_PROBLEM TO WORK ON_. Your answer must be an exact copy of the lines from the one containing "Kapal feri untuk jualan" through the last line of the records below, with no pictures; please include nothing else.

_INFORMATION SUPPLIED_.
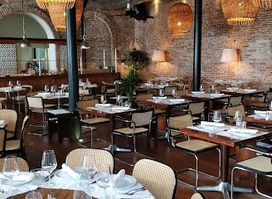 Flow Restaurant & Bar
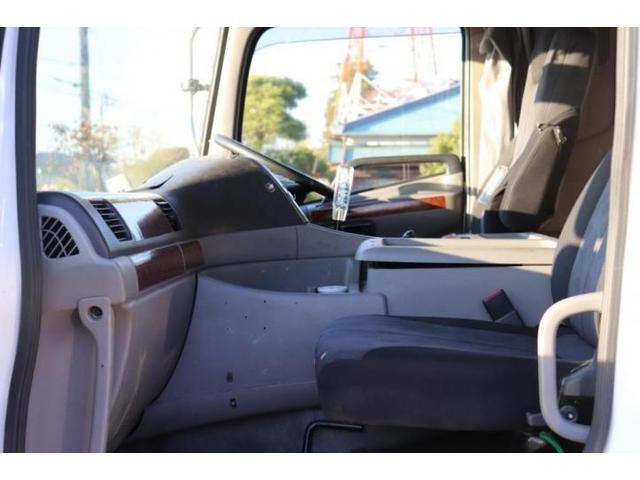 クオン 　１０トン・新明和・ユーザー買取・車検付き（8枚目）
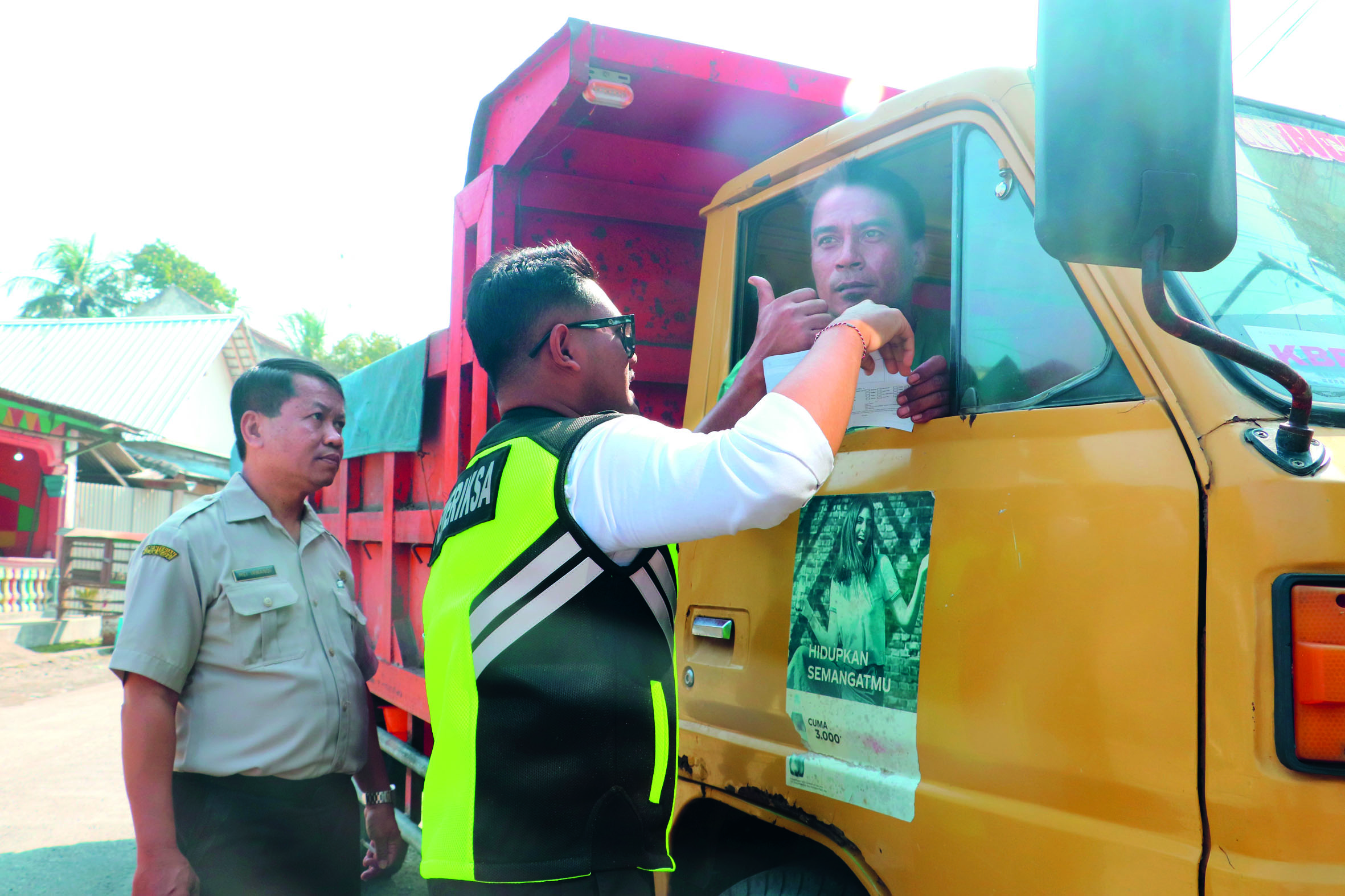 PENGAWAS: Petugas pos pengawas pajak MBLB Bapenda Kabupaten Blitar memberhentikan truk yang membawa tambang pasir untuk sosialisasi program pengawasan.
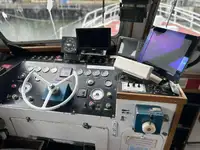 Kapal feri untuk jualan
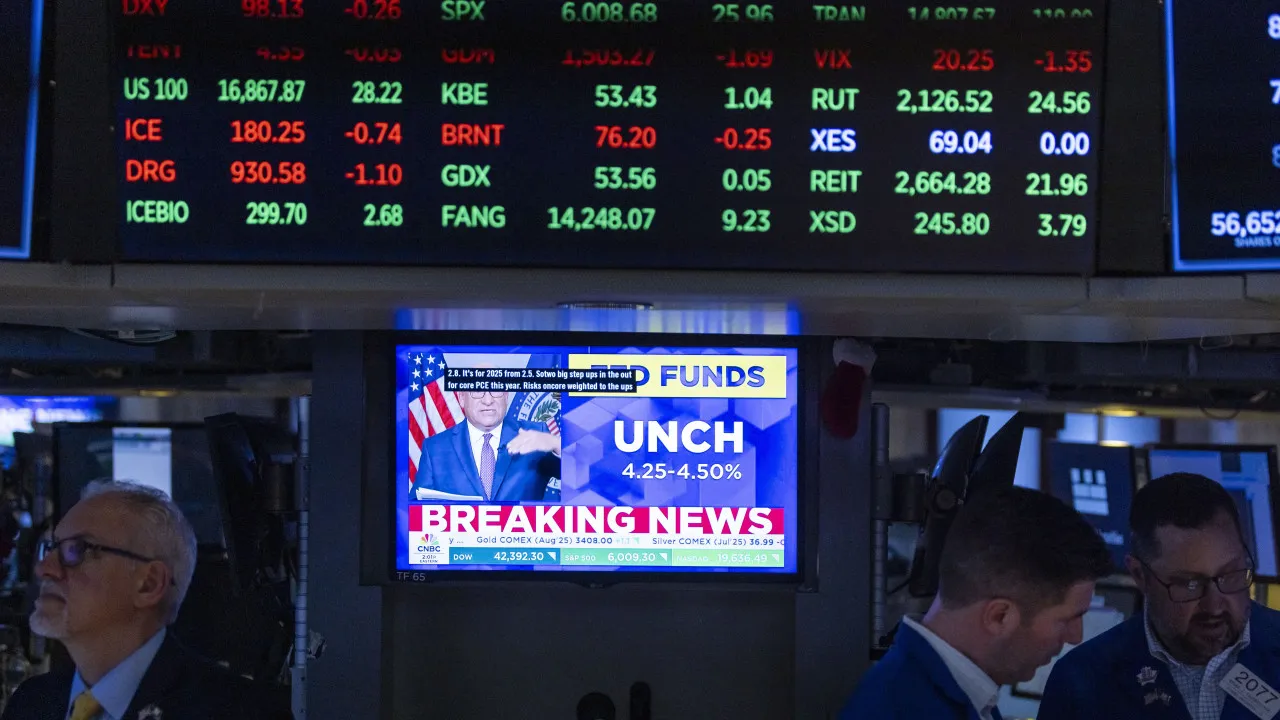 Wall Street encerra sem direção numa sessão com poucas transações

_OUTPUT OF THE EXERCISE_.
 Kapal feri untuk jualan
 Wall Street encerra sem direção numa sessão com poucas transações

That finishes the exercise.